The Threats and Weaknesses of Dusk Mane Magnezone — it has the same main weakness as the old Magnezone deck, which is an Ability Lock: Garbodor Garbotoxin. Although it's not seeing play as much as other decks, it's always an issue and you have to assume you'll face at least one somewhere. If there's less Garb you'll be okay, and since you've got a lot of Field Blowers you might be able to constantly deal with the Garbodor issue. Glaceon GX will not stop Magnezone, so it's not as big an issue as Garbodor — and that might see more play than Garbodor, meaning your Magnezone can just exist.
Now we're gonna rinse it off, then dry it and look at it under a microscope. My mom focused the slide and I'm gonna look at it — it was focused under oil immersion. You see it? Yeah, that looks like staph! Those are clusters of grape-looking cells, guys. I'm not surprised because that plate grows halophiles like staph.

* * *

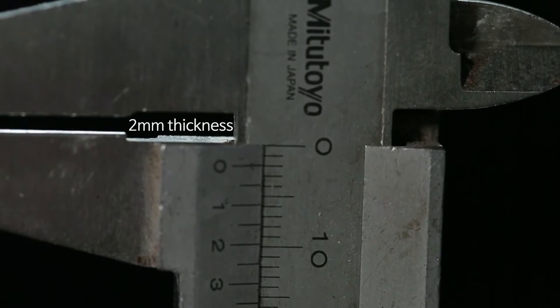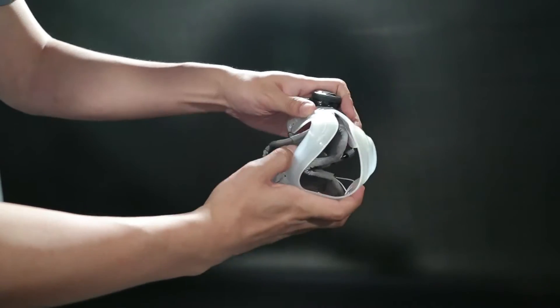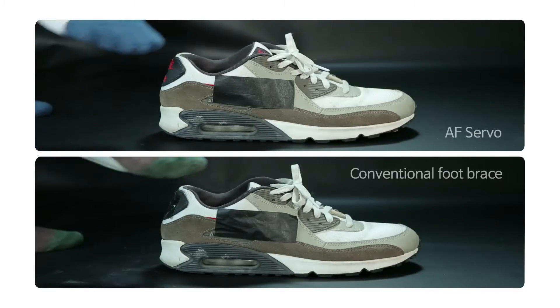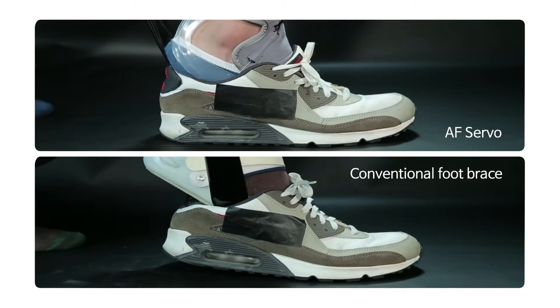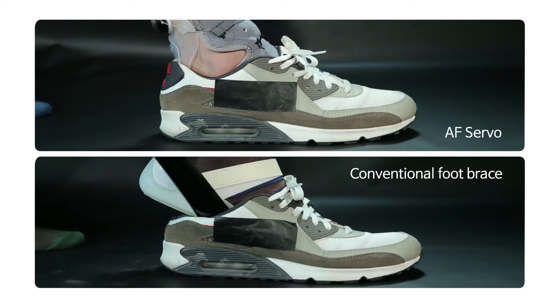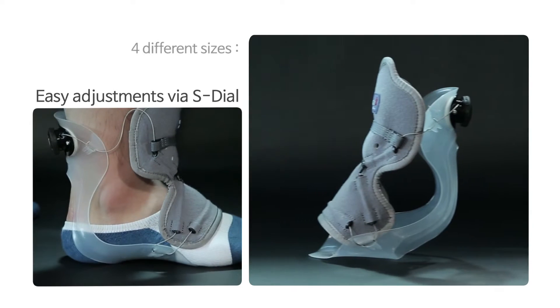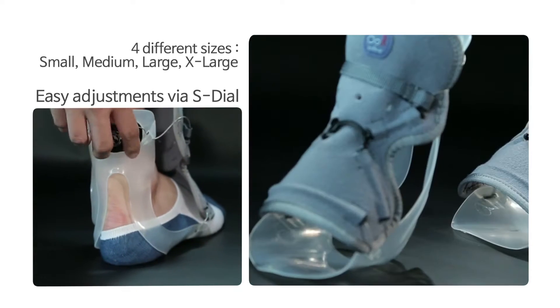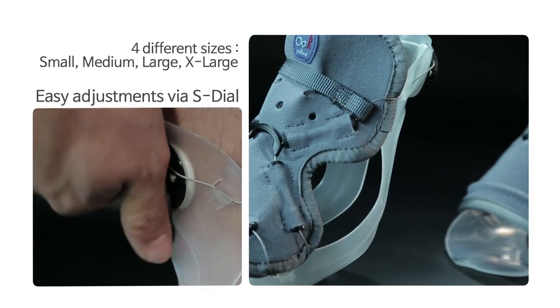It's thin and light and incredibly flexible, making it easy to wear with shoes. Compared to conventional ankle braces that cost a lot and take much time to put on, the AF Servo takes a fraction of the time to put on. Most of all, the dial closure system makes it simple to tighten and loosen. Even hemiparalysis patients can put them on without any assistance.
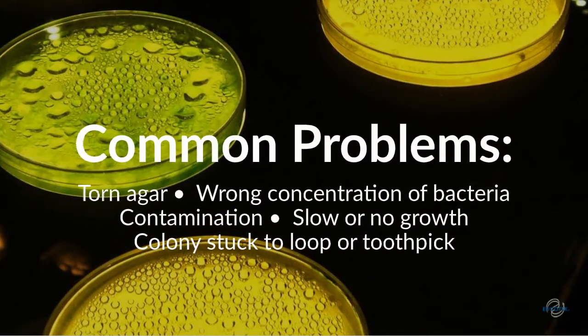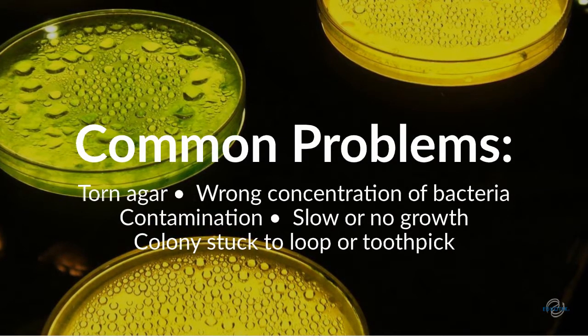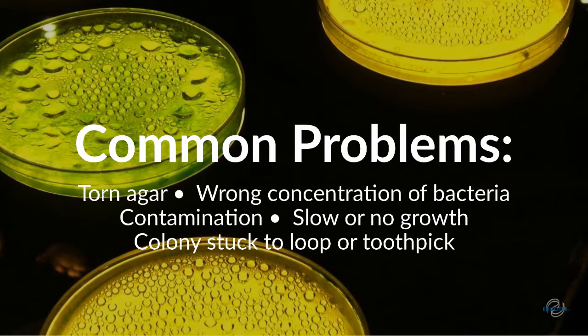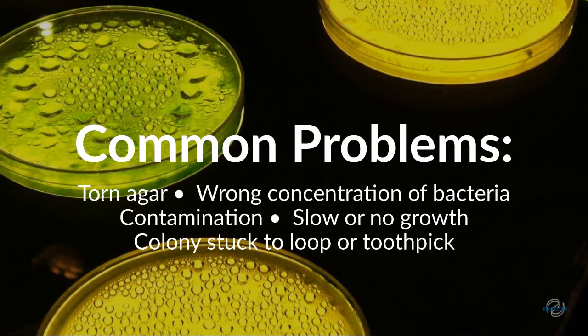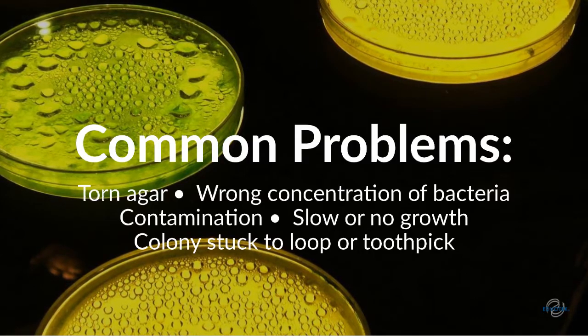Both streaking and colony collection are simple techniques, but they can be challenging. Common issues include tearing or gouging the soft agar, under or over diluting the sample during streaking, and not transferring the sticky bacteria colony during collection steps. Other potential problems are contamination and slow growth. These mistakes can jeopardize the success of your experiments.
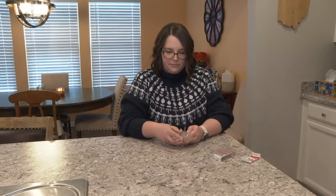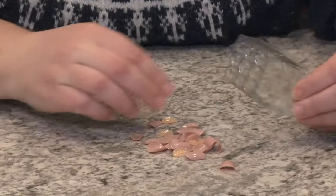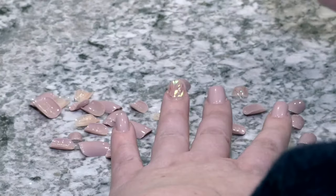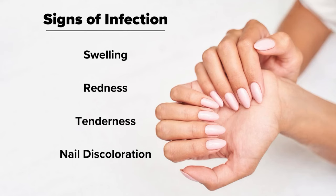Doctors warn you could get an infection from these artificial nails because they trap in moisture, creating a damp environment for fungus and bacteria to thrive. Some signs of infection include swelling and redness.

* * *

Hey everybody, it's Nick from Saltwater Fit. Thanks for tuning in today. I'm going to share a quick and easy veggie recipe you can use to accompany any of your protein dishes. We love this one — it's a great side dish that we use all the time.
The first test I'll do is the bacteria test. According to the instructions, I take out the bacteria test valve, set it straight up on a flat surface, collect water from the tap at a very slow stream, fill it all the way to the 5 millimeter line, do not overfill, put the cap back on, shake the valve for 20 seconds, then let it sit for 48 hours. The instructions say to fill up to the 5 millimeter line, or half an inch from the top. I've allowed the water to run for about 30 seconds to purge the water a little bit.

What is required —
Everything from the line containing "The Threats and" through the line containing "Now we're gonna" in the material above should be retyped exactly, both ends included, and nothing more.

Result —
The Threats and Weaknesses of Dusk Mane Magnezone — it has the same main weakness as the old Magnezone deck, which is an Ability Lock: Garbodor Garbotoxin. Although it's not seeing play as much as other decks, it's always an issue and you have to assume you'll face at least one somewhere. If there's less Garb you'll be okay, and since you've got a lot of Field Blowers you might be able to constantly deal with the Garbodor issue. Glaceon GX will not stop Magnezone, so it's not as big an issue as Garbodor — and that might see more play than Garbodor, meaning your Magnezone can just exist.
Now we're gonna rinse it off, then dry it and look at it under a microscope. My mom focused the slide and I'm gonna look at it — it was focused under oil immersion. You see it? Yeah, that looks like staph! Those are clusters of grape-looking cells, guys. I'm not surprised because that plate grows halophiles like staph.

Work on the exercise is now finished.